Stage1: LibriSpeech 960h (Top-4 Encoder + CTC + Speaker Kernel)
Speech-LLM checkpoint for ASR alignment, trained on LibriSpeech 960h with CTC auxiliary loss and SortFormer-based speaker kernel.
Architecture
| Component | Model | Parameters |
|---|---|---|
| Encoder | nvidia/parakeet-ctc-0.6b (FastConformer CTC) |
600M |
| Projector | Conv1d + Transformer (1024 → 896, stride=2) | trainable |
| LLM | Qwen/Qwen2.5-0.5B |
500M |
- Freeze strategy:
projector_and_encoder_top— projector fully trainable, top-4 encoder layers unfrozen - CTC auxiliary loss: λ=0.3
- Speaker kernel: SortFormer-based speaker activity injected into encoder
Training Data
| Dataset | Samples | Description |
|---|---|---|
| LibriSpeech 960h | ~276k | Read English speech (standard ASR benchmark) |
Training Configuration
- Optimizer: AdamW (lr=5e-5, weight_decay=0.01)
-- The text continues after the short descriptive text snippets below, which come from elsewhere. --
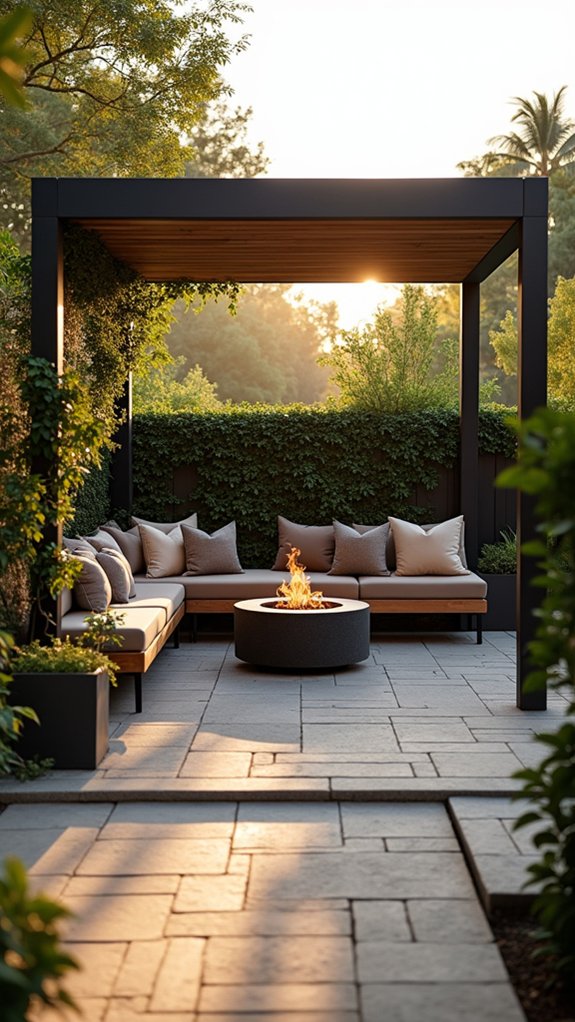 22 Modern Pool Pergola Ideas With Sleek Minimal Shapes contemporary minimalist fire pit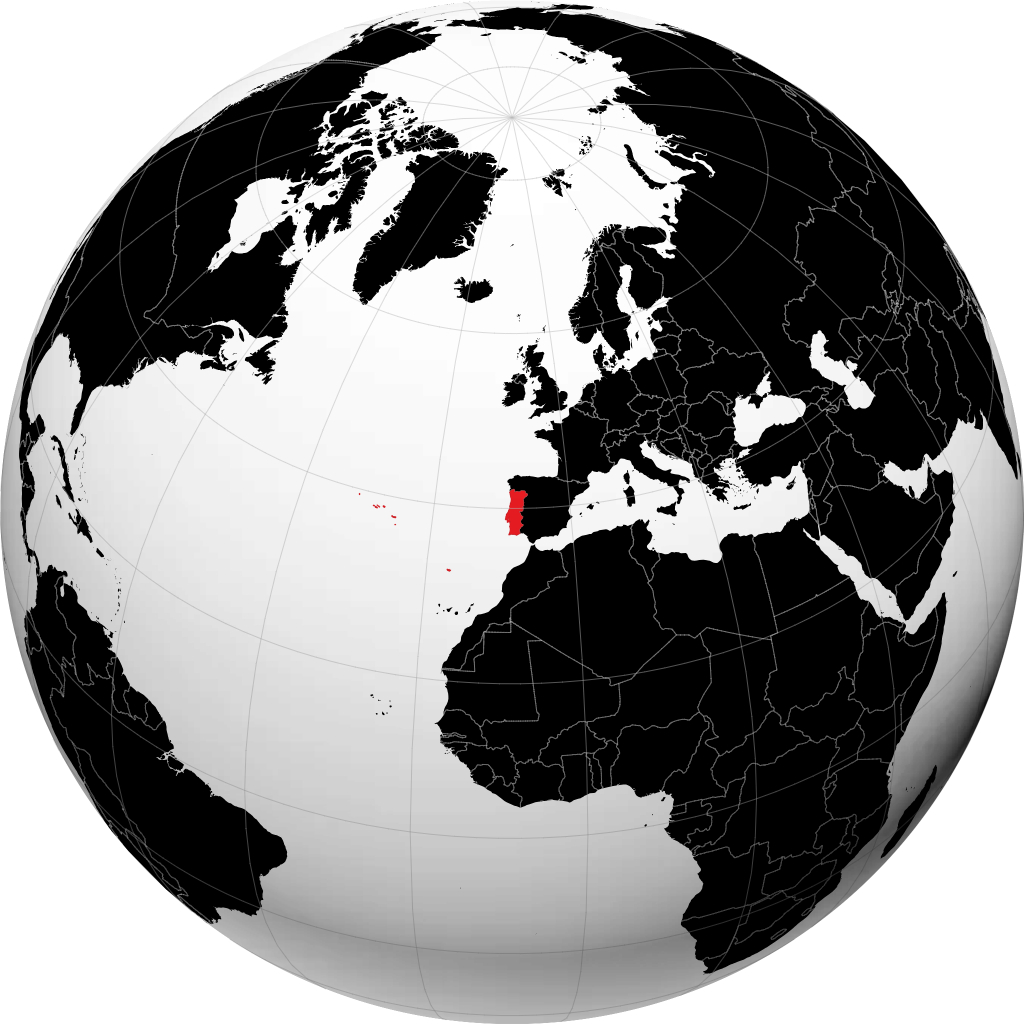 Portugal di globe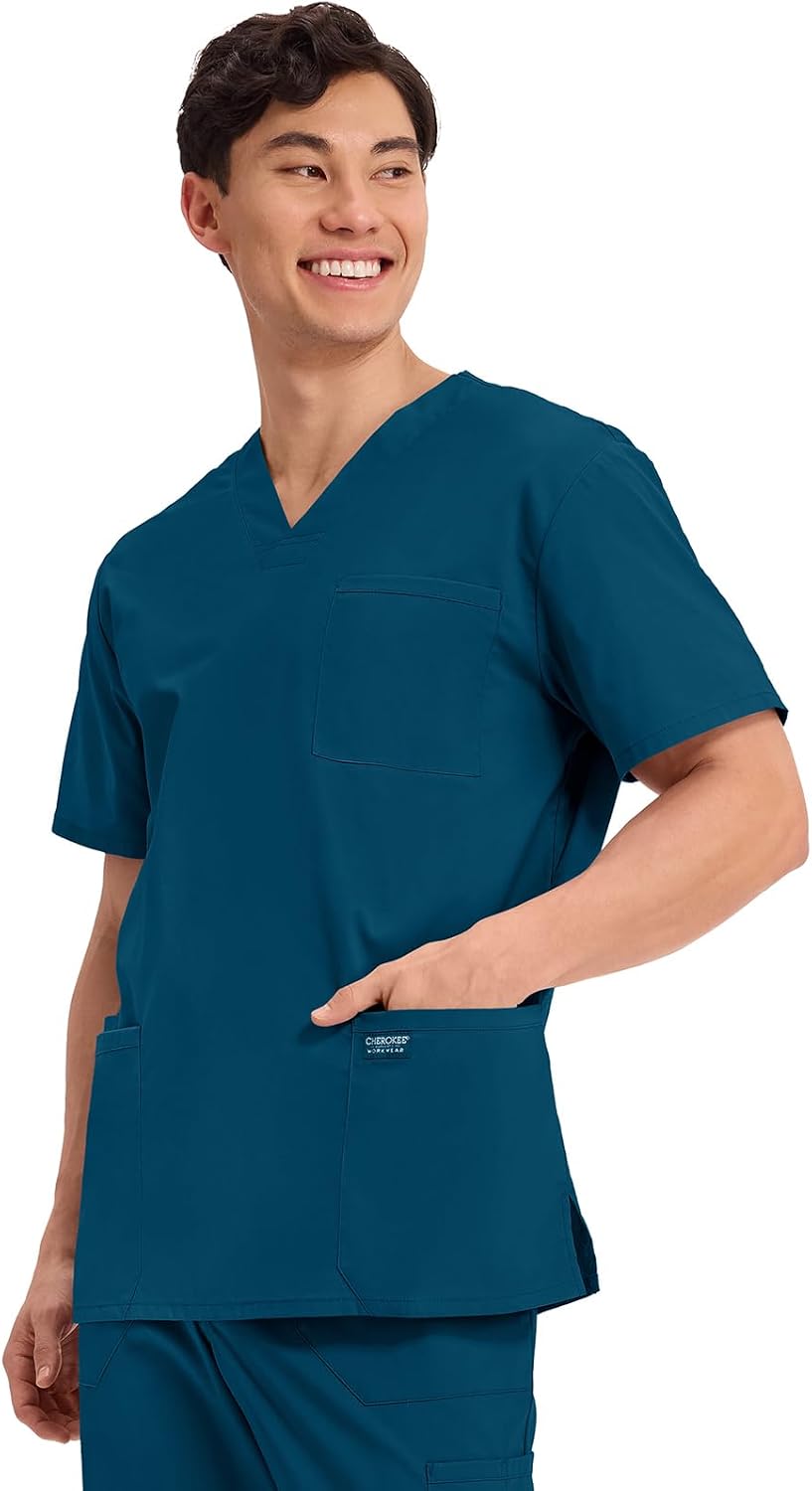 Cherokee WW Professionals Men's V-Neck Scrub Top 4 Pockets Medical Shirt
- Scheduler: warmup (2000 steps) + cosine decay (min_lr=1e-6)
- Effective batch size: 512 (8 GPUs × batch_size=16 × grad_accum=4)
- Total steps: 100,000 (trained to ~40,000)
- DeepSpeed ZeRO-2, AMP bfloat16
- Gradient clipping: 5.0
- Dynamic batching: max_frames_in_batch=400,000
Usage
import torch
checkpoint = torch.load("final.pt", map_location="cpu")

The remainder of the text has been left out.